Dimsum breakfast in Hong Kong
Typical breakfast of Cha Chaan Teng with Hong Kong style Milk Tea

Food in Hong Kong is based on Cantonese cuisine, despite the territory's exposure to foreign influences and its residents' varied origins. Rice is the staple food, and is usually served plain with other dishes.[251] Freshness of ingredients is emphasised. Poultry and seafood are commonly sold live at wet markets, and ingredients are used as quickly as possible.[252] There are five daily meals: breakfast, lunch, afternoon tea, dinner, and siu yeh.[253] Dim sum, as part of yum cha (brunch), is a dining-out tradition with family and friends. Dishes include congee, cha siu bao, siu yuk, egg tarts, and mango pudding. Local versions of Western food are served at cha chaan teng (fast, casual restaurants). Common cha chaan teng menu items include macaroni in soup, deep-fried French toast, and Hong Kong-style milk tea.[251]

Cinema

Hong kong bruce lee statue
Statue of Bruce Lee on the Avenue of Stars, a tribute to the city's film industry

Hong Kong developed into a filmmaking hub during the late 1940s as a wave of Shanghai filmmakers migrated to the territory, and these movie veterans helped rebuild the colony's entertainment industry over the next decade.[254] By the 1960s, the city was well known to overseas audiences through films such as The World of Suzie Wong.[255] When Bruce Lee's Way of the Dragon was released in 1972, local productions became popular outside Hong Kong. During the 1980s, films such as A Better Tomorrow, As Tears Go By, and Zu Warriors from the Magic Mountain expanded global interest beyond martial arts films; locally made gangster films, romantic dramas, and supernatural fantasies became popular.[256] Hong Kong cinema continued to be internationally successful over the following decade with critically acclaimed dramas such as Farewell My Concubine, To Live, and Chungking Express. However, the city's martial-arts-film roots are evident in the roles of the most prolific Hong Kong actors. Jackie Chan, Donnie Yen, Jet Li, Chow Yun-fat, and Michelle Yeoh frequently play action-oriented roles in foreign films. At the height of the local movie industry in the early 1990s, over 400 films were produced each year; since then, industry momentum shifted to mainland China. The annual number of films produced has declined, to about 60 in 2017.[257]

Music

Leslie Cheung (left) is considered a pioneering Cantopop artist, and Andy Lau has been an icon of Hong Kong music and film for several decades as a member of the Four Heavenly Kings.

Leslie Cheung
Andy Lau (cropped)

Cantopop is a genre of Cantonese popular music which emerged in Hong Kong during the 1970s. Evolving from Shanghai-style shidaiqu, it is also influenced by Cantonese opera and Western pop.[258] Local media featured songs by artists such as Sam Hui, Anita Mui, Leslie Cheung, and Alan Tam; during the 1980s, exported films and shows exposed Cantopop to a global audience.[259] The genre's popularity peaked in the 1990s, when the Four Heavenly Kings dominated Asian record charts.[260] Despite a general decline since late in the decade,[261] Cantopop remains dominant in Hong Kong; contemporary artists such as Eason Chan, Joey Yung, and Twins are popular in and beyond the territory.[262]

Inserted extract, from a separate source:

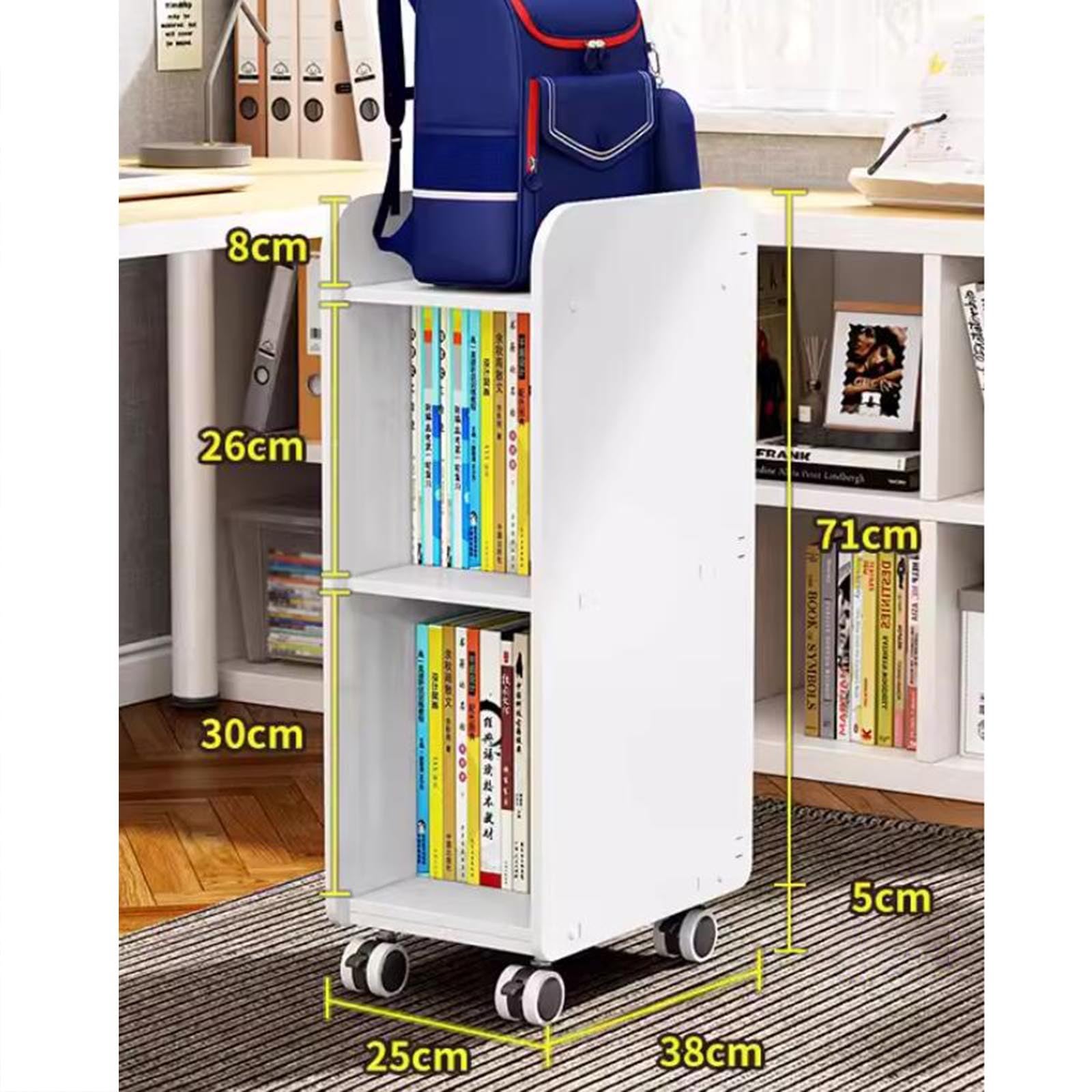 Mobilny regał na książki dla studentów, kompaktowy schowek pod biurkiem, prosty regał na książki do sypialni lub gabinetu (76 x 25 x 38 cm)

Western classical music has historically had a strong presence in Hong Kong, and remains a large part of local musical education.[263] The publicly funded Hong Kong Philharmonic Orchestra, the territory's oldest professional symphony orchestra, frequently host musicians and conductors from overseas. The Hong Kong Chinese Orchestra, composed of classical Chinese instruments, is the leading Chinese ensemble and plays a significant role in promoting traditional music in the community.[264]

Sport and recreation

Crowd cheering, Hong Kong Sevens 2009
The Hong Kong Sevens, considered the premier tournament of the World Rugby Sevens Series, is played each spring.

Despite its small area, the territory is home to a variety of sports and recreational facilities. The city has hosted a number of major sporting events, including the 2009 East Asian Games, the 2008 Summer Olympics equestrian events, and the 2007 Premier League Asia Trophy.[265] The territory regularly hosts the Hong Kong Sevens, Hong Kong Marathon, Hong Kong Tennis Classic and Lunar New Year Cup, and hosted the inaugural AFC Asian Cup and the 1995 Dynasty Cup.[266][267]

Hong Kong represents itself separately from mainland China, with its own sports teams in international competitions.[265] The territory has participated in almost every Summer Olympics since 1952, and has earned three medals. Lee Lai-shan won the territory's first and only Olympic gold medal at the 1996 Atlanta Olympics.[268] Hong Kong athletes have won 126 medals at the Paralympic Games and 17 at the Commonwealth Games. No longer part of the Commonwealth of Nations, the city's last appearance in the latter was in 1994.[269]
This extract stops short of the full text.